«Este es el testimonio de Juan, cuando los judíos enviaron desde Jerusalén sacerdotes y levitas a Juan a que le preguntaran: “¿Tú quién eres?”. Él confesó sin reservas: “Yo no soy el Mesías”. Le preguntaron: “¿Entonces, qué? ¿Eres tú Elías?”. Él dijo: “No lo soy”. “¿Eres tú el Profeta?”. Respondió: “No”. Y le dijeron: “¿Quién eres?

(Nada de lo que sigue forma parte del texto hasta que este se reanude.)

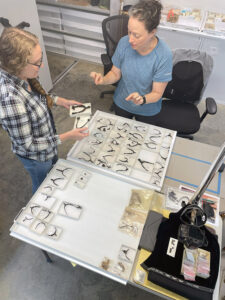 Associate Curator Janene Johnston and Sara Rivers-Cofield, Curator of Federal Collections of the Maryland Archaeological Conservation Lab examine Jamestown's spur collection during Ms. Rivers-Cofield's visit in 2021.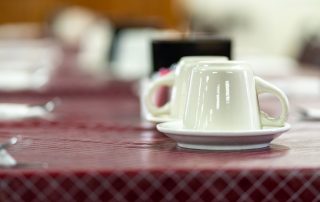 Empty coffee cups await customers at Tiffany's Restaurant in Topeka, Indiana.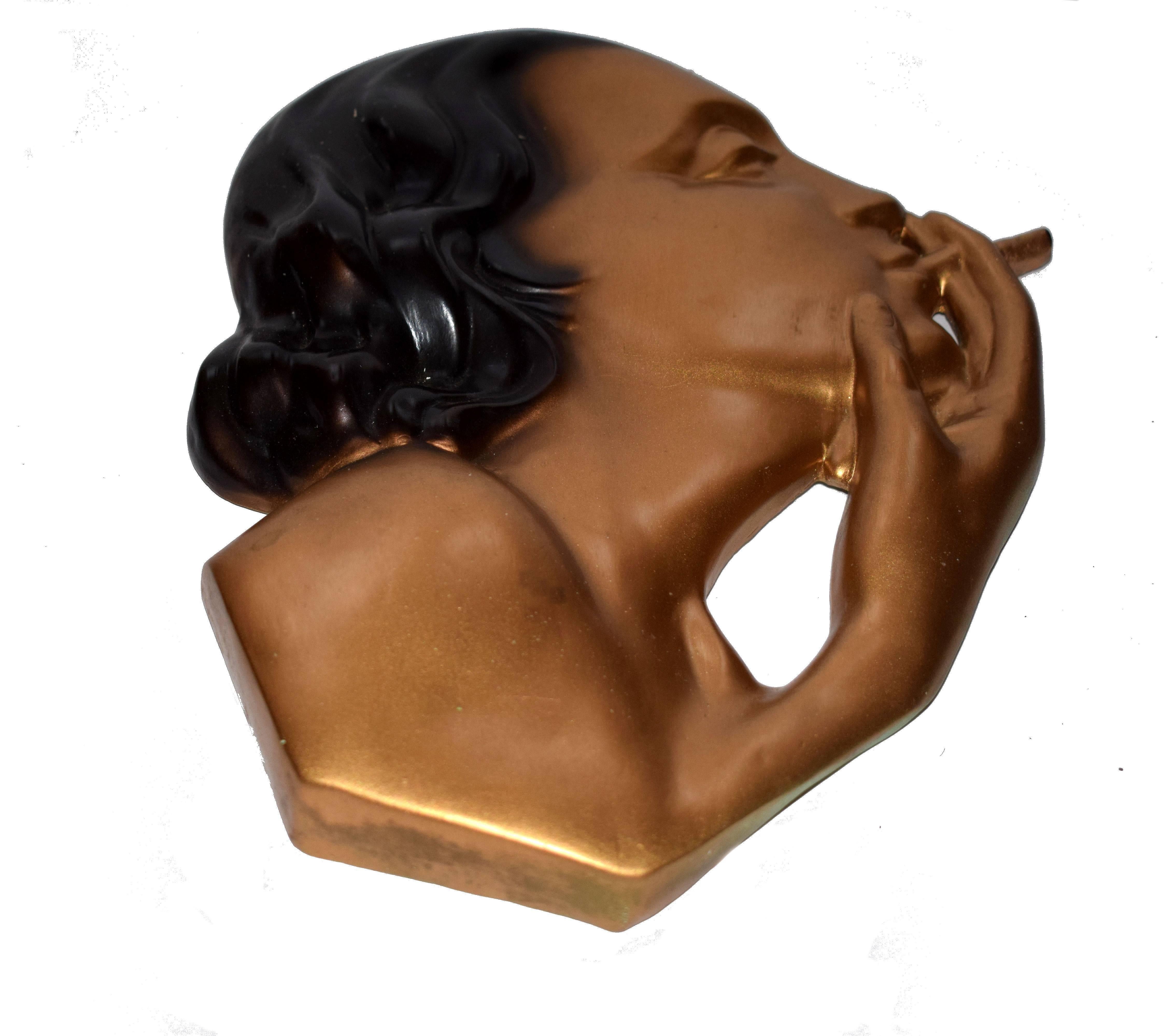 This is a wonderful 1930s Art Deco wall mask, totally authentic and very unusual, not one we've seen before. Depicting the profile of a 1920s lady smoking. She's made from gilded plaster and has a hook to the reverse to hand by. She's an impressive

Para que podamos dar una respuesta a los que nos han enviado, ¿qué dices de ti mismo?”. Él contestó: “Yo soy la voz que grita en el desierto: Allanad el camino del Señor (como dijo el Profeta Isaías)”. Entre los enviados había fariseos y le preguntaron: “Entonces, ¿por qué bautizas si tú no eres el Mesías, ni Elías, ni el Profeta?”. Juan les respondió: “Yo bautizo con agua; en medio de vosotros hay uno que no conocéis, el que viene detrás de mí, que existía antes que yo y al que no soy digno de desatar la correa de la sandalia”. Esto pasaba en Betania, en la otra orilla del Jordán, donde estaba Juan bautizando». (Jn 1,19-28)

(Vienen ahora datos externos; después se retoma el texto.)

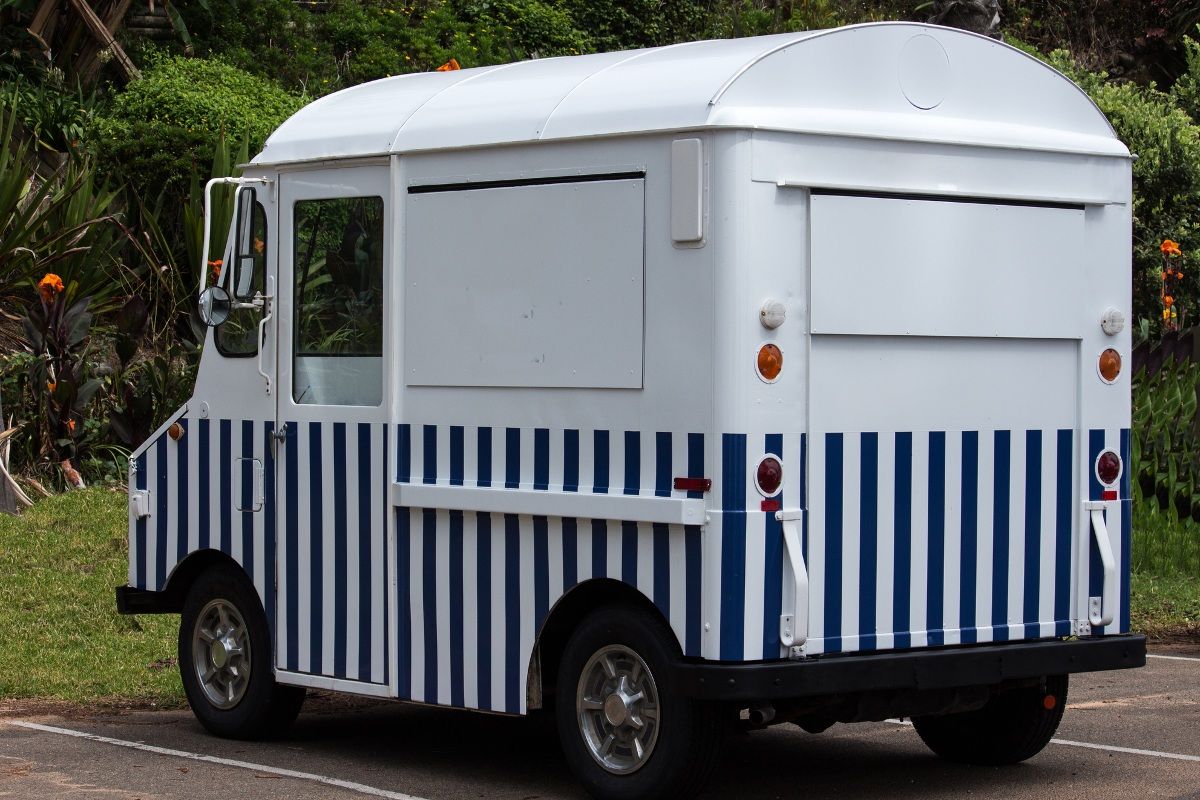Striped food truck parked in a car park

El evangelio de hoy es un “evangelio con muchas preguntas”. Y eso es bueno, porque ya se sabe: preguntando se aprende. Sin embargo, también es necesario querer aprender para que las preguntas no sean mera retórica. Desde luego, del texto de Juan emerge la intención de excitar en el corazón de quienes leyeran su Evangelio (entre ellos, nosotros) el deseo de hacer la pregunta clave: “¿Quién eres tú?”. Entre los hilos que tejen los días y las horas de la vida hay prendida, como inexorable cuestión, la relación de nuestra persona con Otra en la que encuentra fundamento y argumento para construirse como existencia en libertad. Explícita o implícita, la pregunta por esa Identidad que nos sostiene y es capaz de llenar ilusiones y anhelos resiste a los olvidos, las desgracias y el paso del tiempo.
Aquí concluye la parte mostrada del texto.